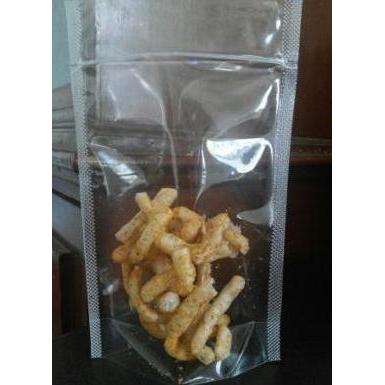 Stand Up Pouch Plastik PP 18 x 30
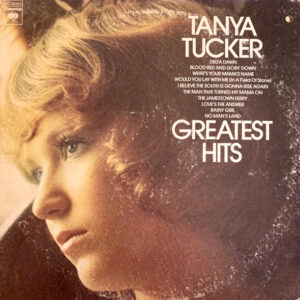 Tanya Tucker – Greatest Hits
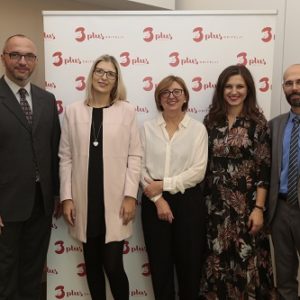 Predsjednica ELFAC-a u dvodnevnom posjetu Hrvatskoj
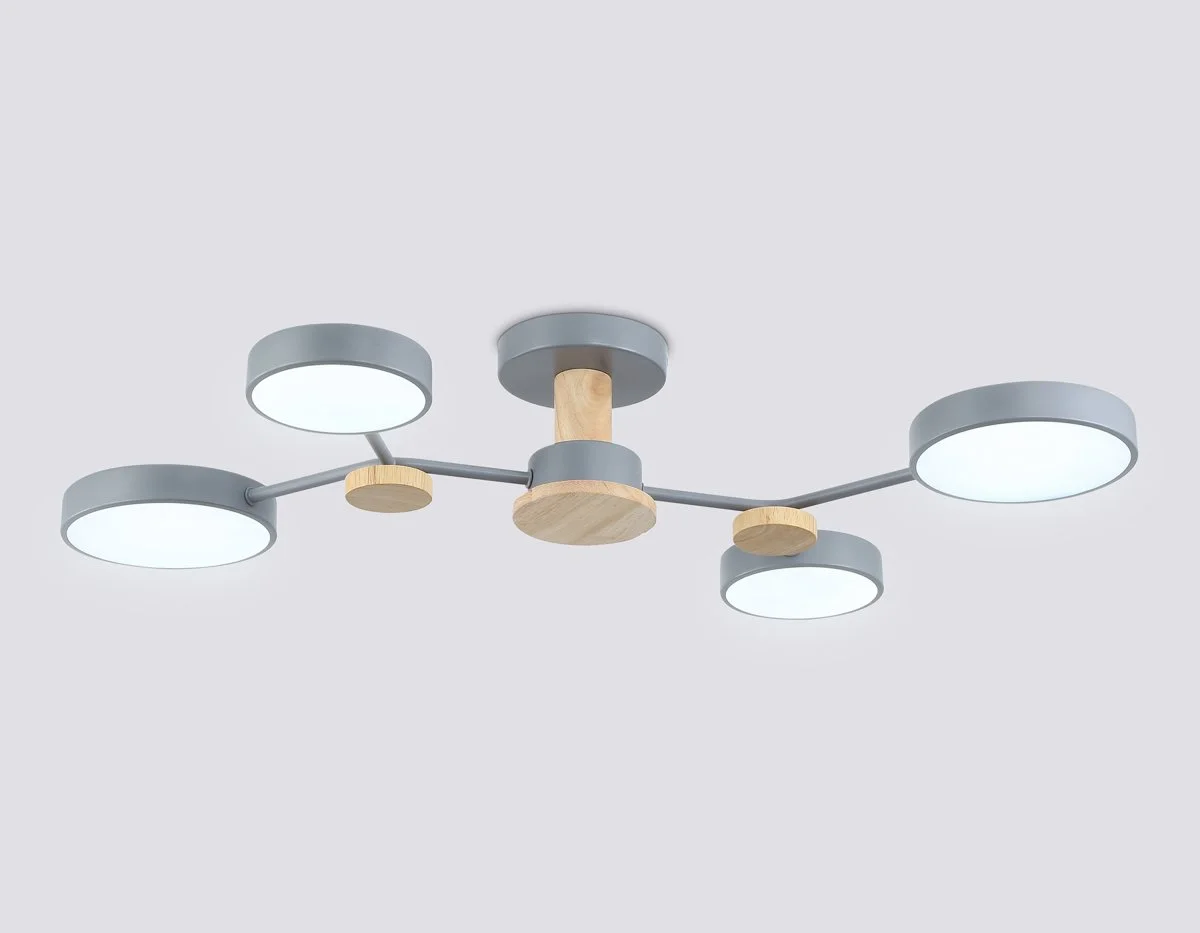 картинка Люстра светодиодная на штанге FL4859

■ ■ ■ ■

Requirement >> Give the material above again exactly as it stands, minus any images.

Answer to this problem >>
 Stand Up Pouch Plastik PP 18 x 30
 Tanya Tucker – Greatest Hits
 Predsjednica ELFAC-a u dvodnevnom posjetu Hrvatskoj
 картинка Люстра светодиодная на штанге FL4859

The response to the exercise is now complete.